» **Image-text web data**:
· · · · · · ·

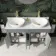 Bermuda Dove Grey Vanity with Marble Top & Oval Counter Top Basin 1200mm - Brass Knurled Handles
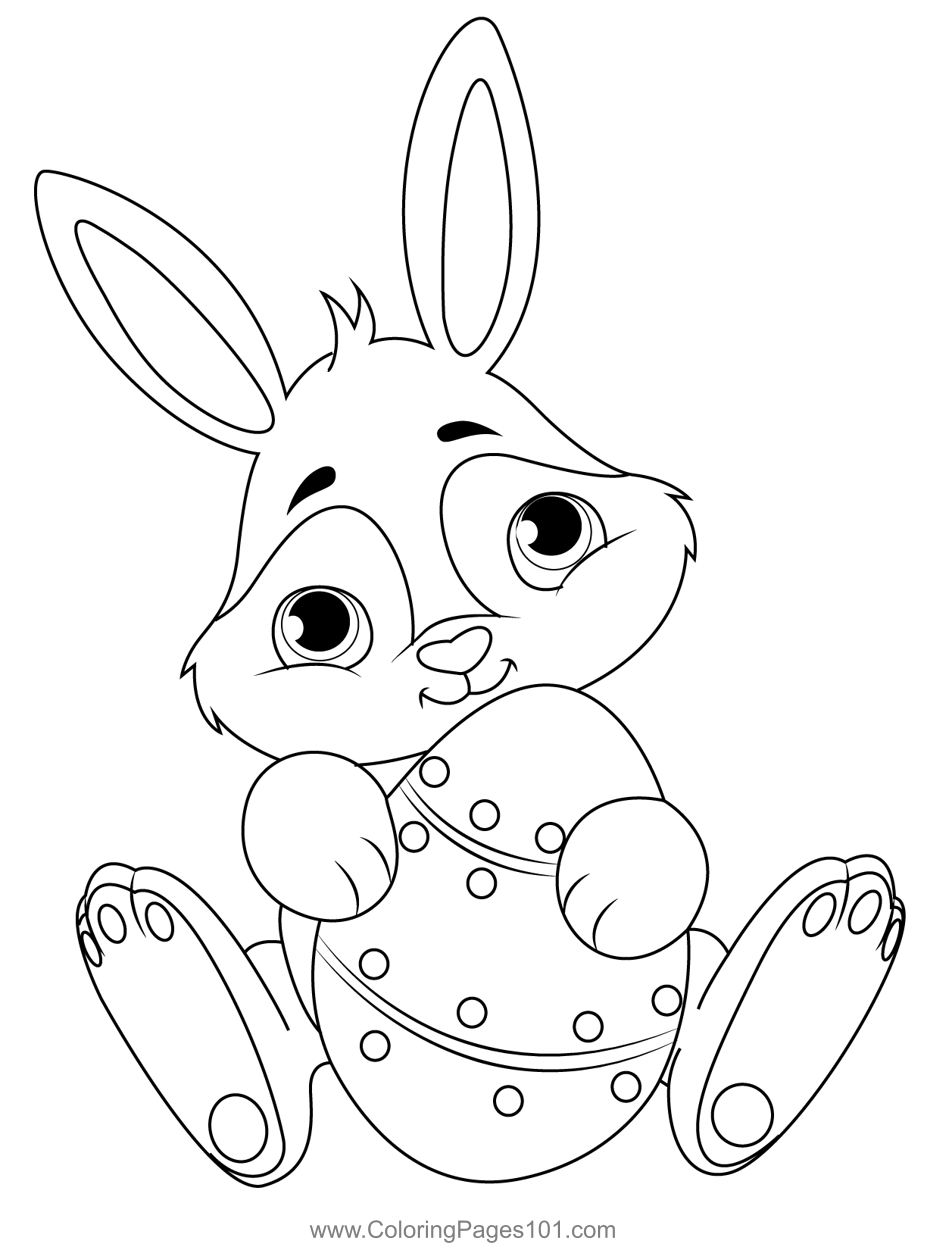 Cute Easter Bunny With Egg Coloring Page For Kids Free Easter Cute Easter Bunny With Egg Coloring Page For Kids Free Easter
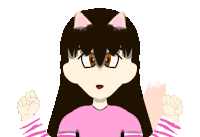 a girl with cat ears is wearing a pink shirt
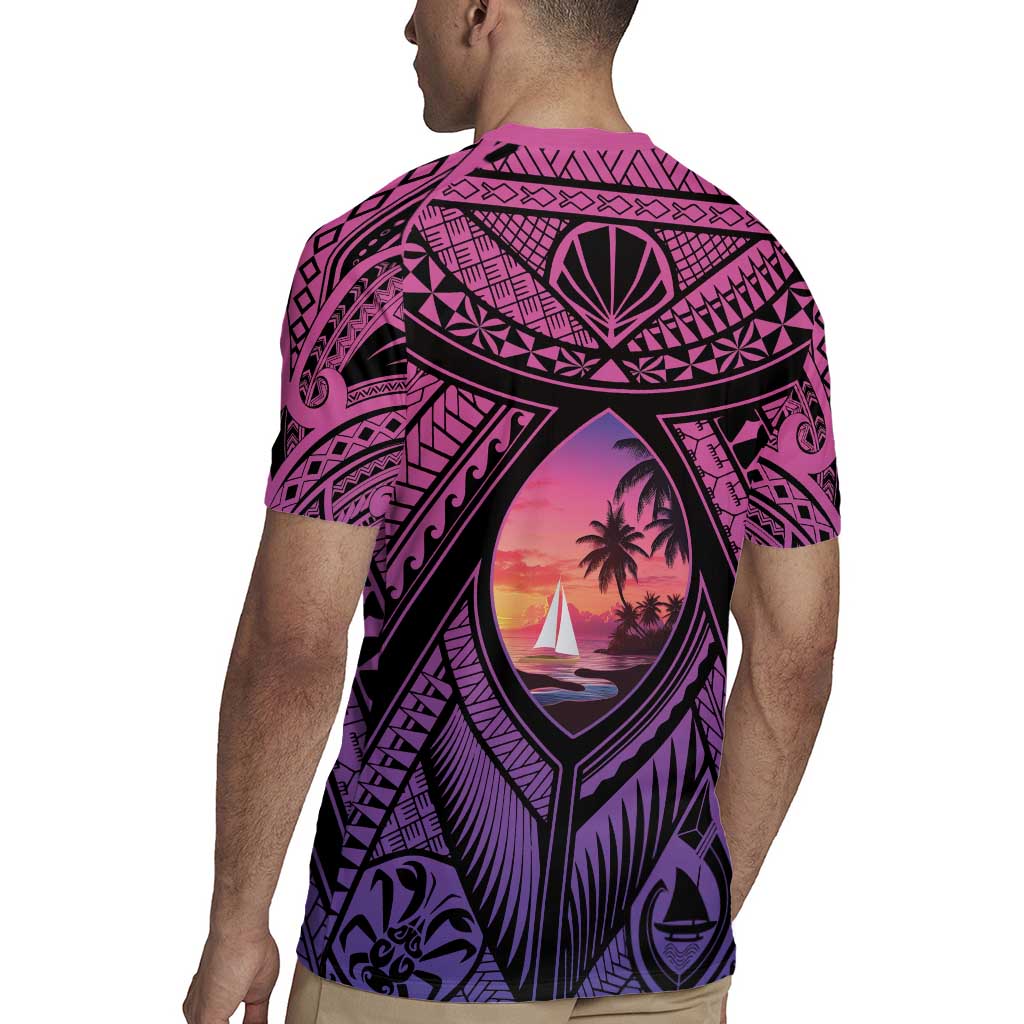 Guam Chamorro Artsy Rugby Jersey Guahan Sunset Beach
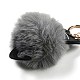 Cute Cat PU Leather & Imitate Rex Rabbit Fur Ball Keychain KEYC-C005-01D-3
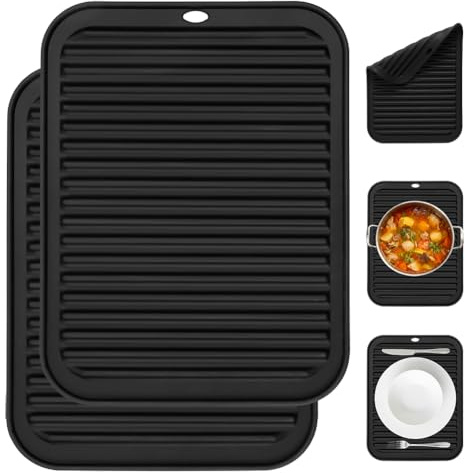 NUTKIT 2PCS Silicone Trivet Mats, 30 x 23 cm Hot Pans and Pot Holder Trivet | Multipurpose Silicone Heat Resistant Mat, None slip Heatproof Table Place Coaster for Kitchen Cooking & Dining (Black)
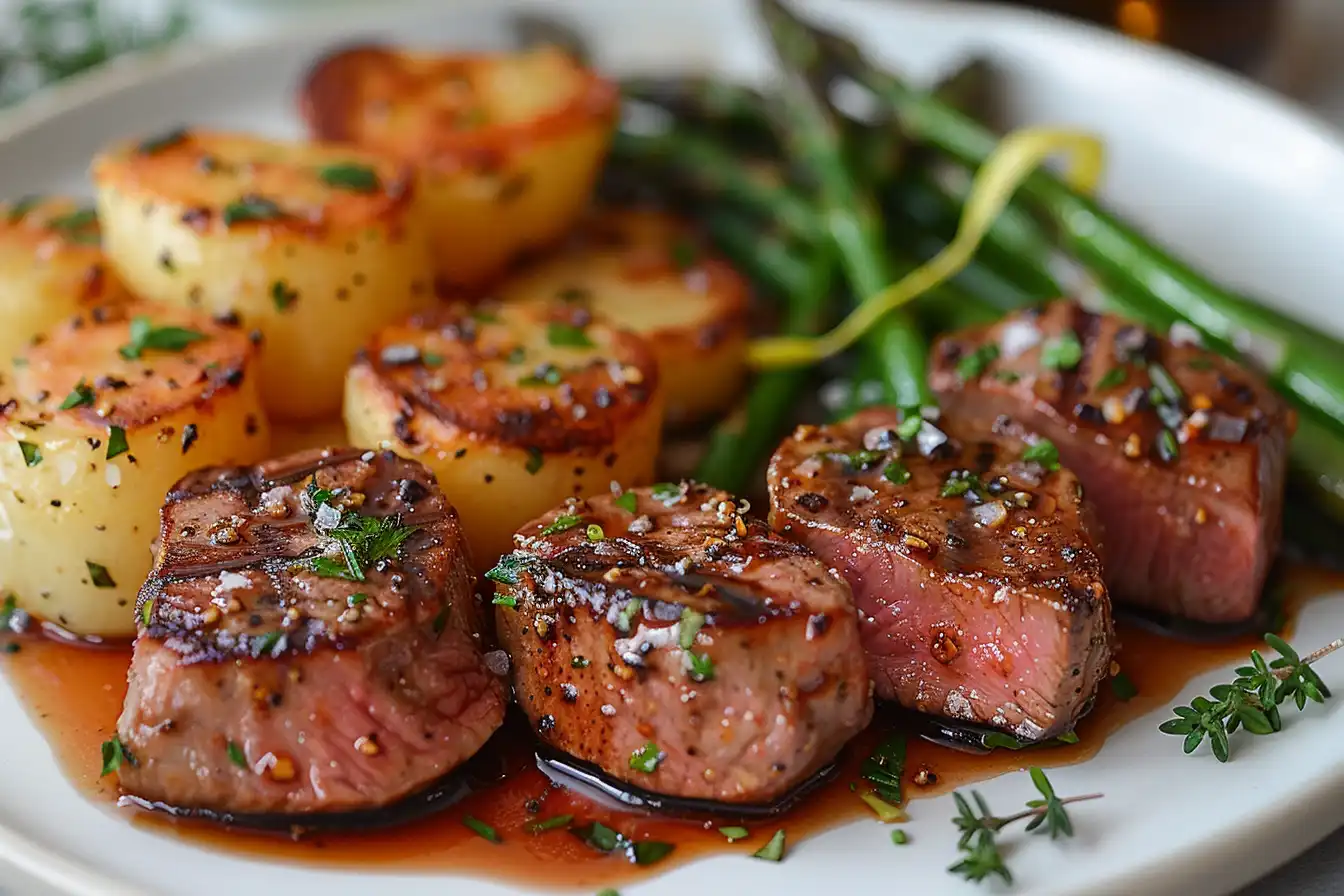 Beef Tenderloin Medallions - Juicy beef tenderloin medallions with a seared crust, served with crispy golden potatoes and sautéed green beans, garnished with fresh herbs and coarse salt.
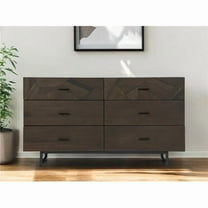 HomeRoots 518614 60 in. Dark Brown Solid Wood Six Drawer Double Dresser
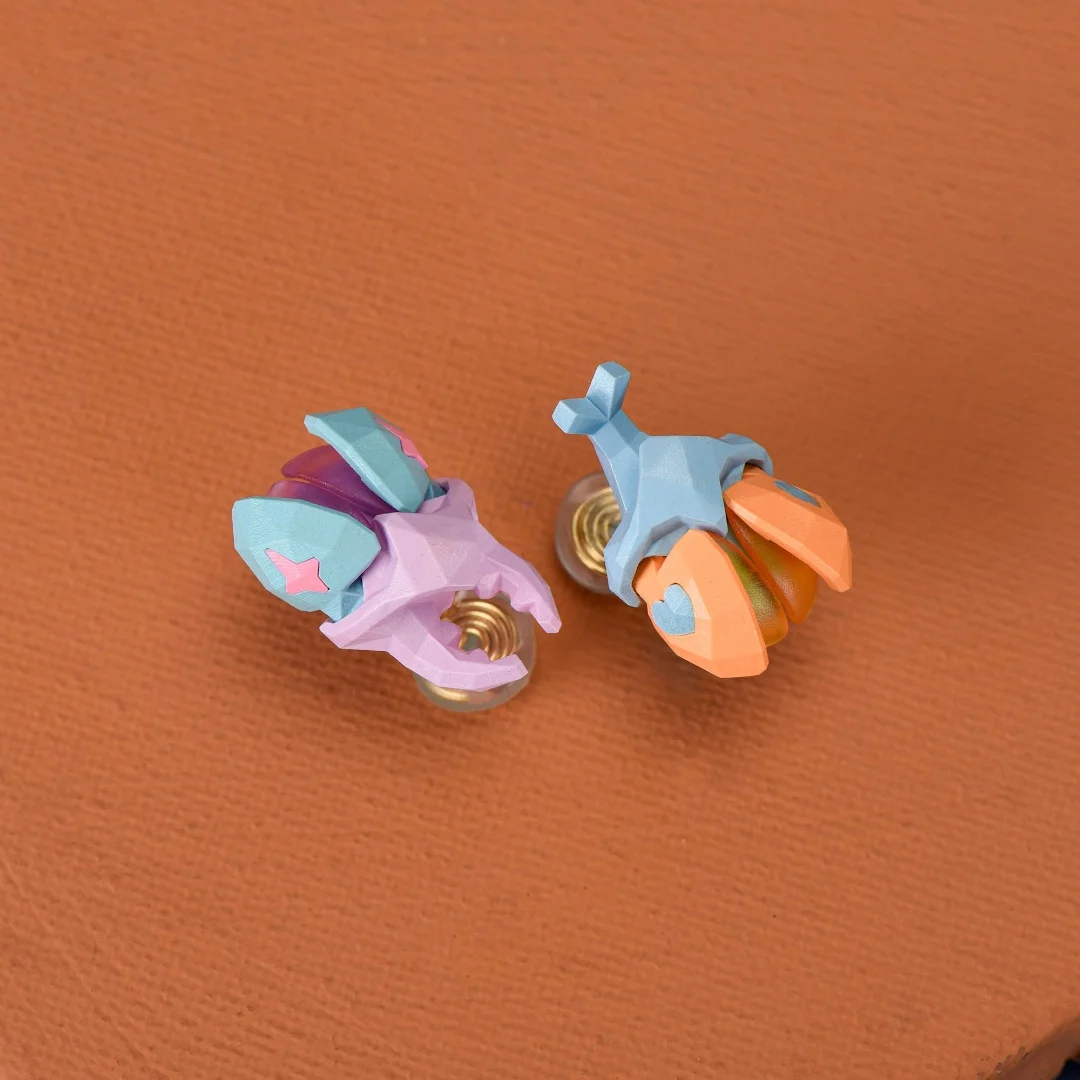 Beetle Pink Earrings Asymmetric Fashion Personality Cute Cartoon Animal Earrings for Women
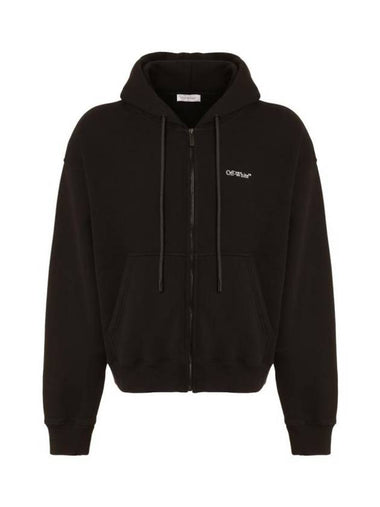 Arrow Print Cotton Zip-Up Hoodie Black - OFF WHITE - BALAAN 1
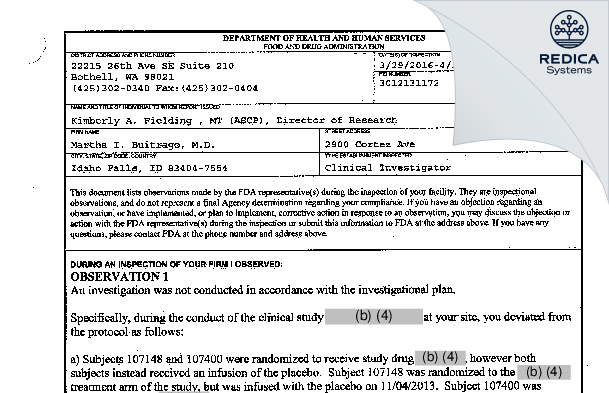 FDA 483 - Martha I. Buitrago, M.D. [Idaho Falls / United States of America] - Download PDF - Redica Systems
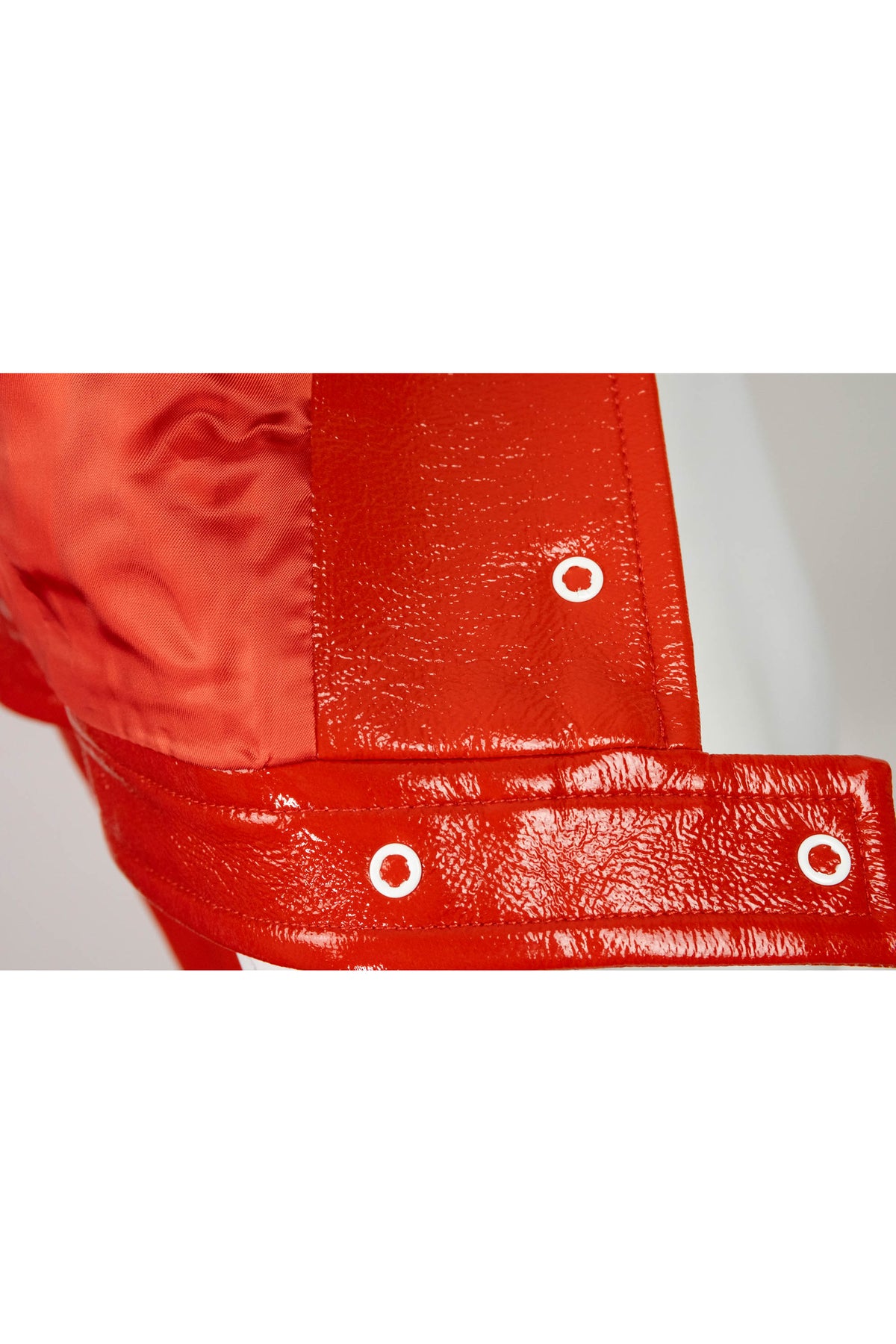 Courreges Tomato Red AC Logo Vinyl Jacket Size 38/6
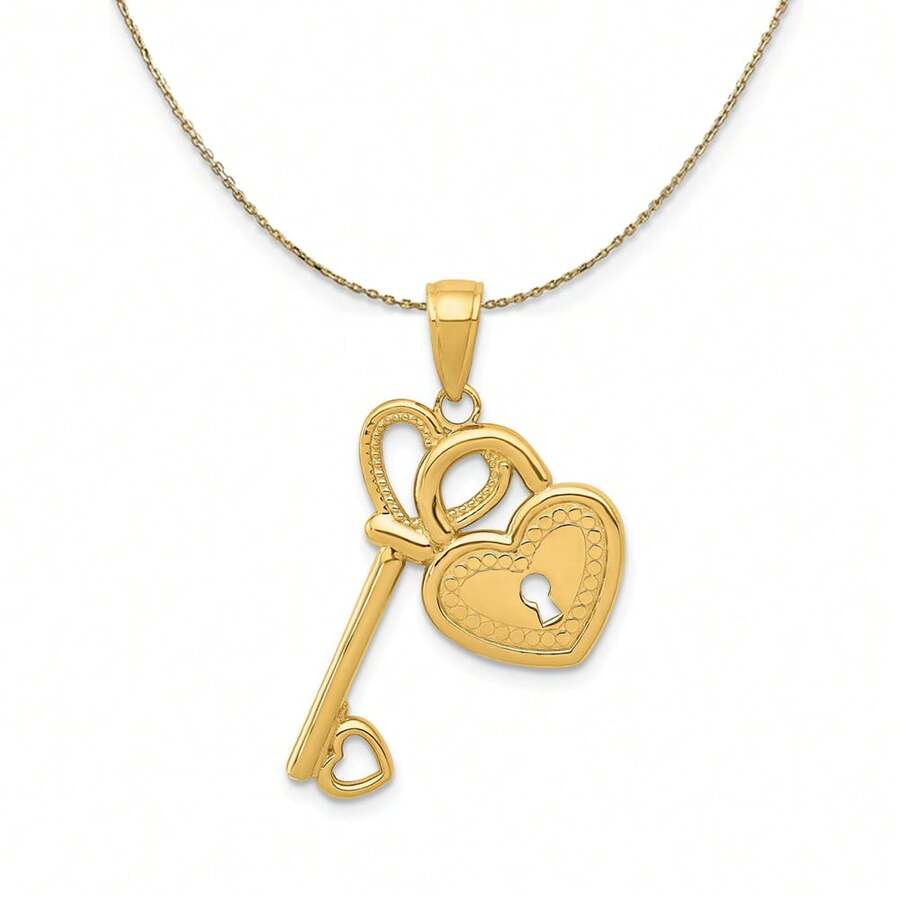 The Black Bow 14k Yellow Gold Heart Key And Lock (17mm) Necklace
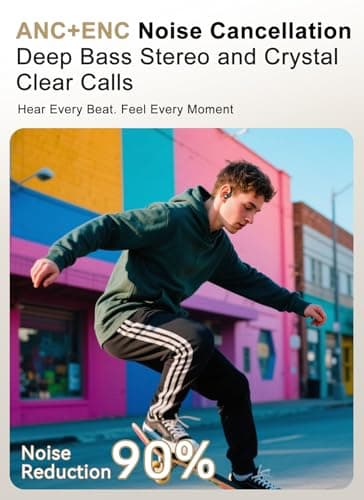 jaddsa Wireless Earbuds, ANC Noise Cancelling Sport Ear Buds with Multifunctional Touch Screen, Bluetooth 5.4 Headphones, Bass Stereo Sound, 5 EQ Over The Ear Earbuds for Sports/Workout/Gym-Black 6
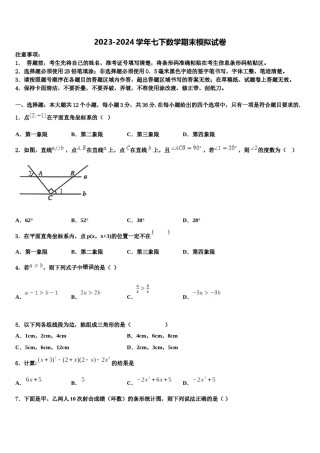 福建省石狮市2024届数学七下期末统考试题含解析.doc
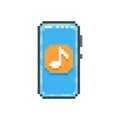 Simple flat pixel art illustration of modern smartphone with black musical note icon on the screen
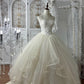Lace Strapless Bridal Gown Pearl Shoulder Chain & Cloud Flare Hem  gh7063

· · · · · · ·

» **Exercise instructions**: Your copy should hold every entry exactly as written, but none of the pictures.

» **Answer space**:
 Bermuda Dove Grey Vanity with Marble Top & Oval Counter Top Basin 1200mm - Brass Knurled Handles
 Cute Easter Bunny With Egg Coloring Page For Kids Free Easter Cute Easter Bunny With Egg Coloring Page For Kids Free Easter
 a girl with cat ears is wearing a pink shirt
 Guam Chamorro Artsy Rugby Jersey Guahan Sunset Beach
 Cute Cat PU Leather & Imitate Rex Rabbit Fur Ball Keychain KEYC-C005-01D-3
 NUTKIT 2PCS Silicone Trivet Mats, 30 x 23 cm Hot Pans and Pot Holder Trivet | Multipurpose Silicone Heat Resistant Mat, None slip Heatproof Table Place Coaster for Kitchen Cooking & Dining (Black)
 Beef Tenderloin Medallions - Juicy beef tenderloin medallions with a seared crust, served with crispy golden potatoes and sautéed green beans, garnished with fresh herbs and coarse salt.
 HomeRoots 518614 60 in. Dark Brown Solid Wood Six Drawer Double Dresser
 Beetle Pink Earrings Asymmetric Fashion Personality Cute Cartoon Animal Earrings for Women
 Arrow Print Cotton Zip-Up Hoodie Black - OFF WHITE - BALAAN 1
 FDA 483 - Martha I. Buitrago, M.D. [Idaho Falls / United States of America] - Download PDF - Redica Systems
 Courreges Tomato Red AC Logo Vinyl Jacket Size 38/6
 The Black Bow 14k Yellow Gold Heart Key And Lock (17mm) Necklace
 jaddsa Wireless Earbuds, ANC Noise Cancelling Sport Ear Buds with Multifunctional Touch Screen, Bluetooth 5.4 Headphones, Bass Stereo Sound, 5 EQ Over The Ear Earbuds for Sports/Workout/Gym-Black 6
 福建省石狮市2024届数学七下期末统考试题含解析.doc
 Simple flat pixel art illustration of modern smartphone with black musical note icon on the screen
Lace Strapless Bridal Gown Pearl Shoulder Chain & Cloud Flare Hem  gh7063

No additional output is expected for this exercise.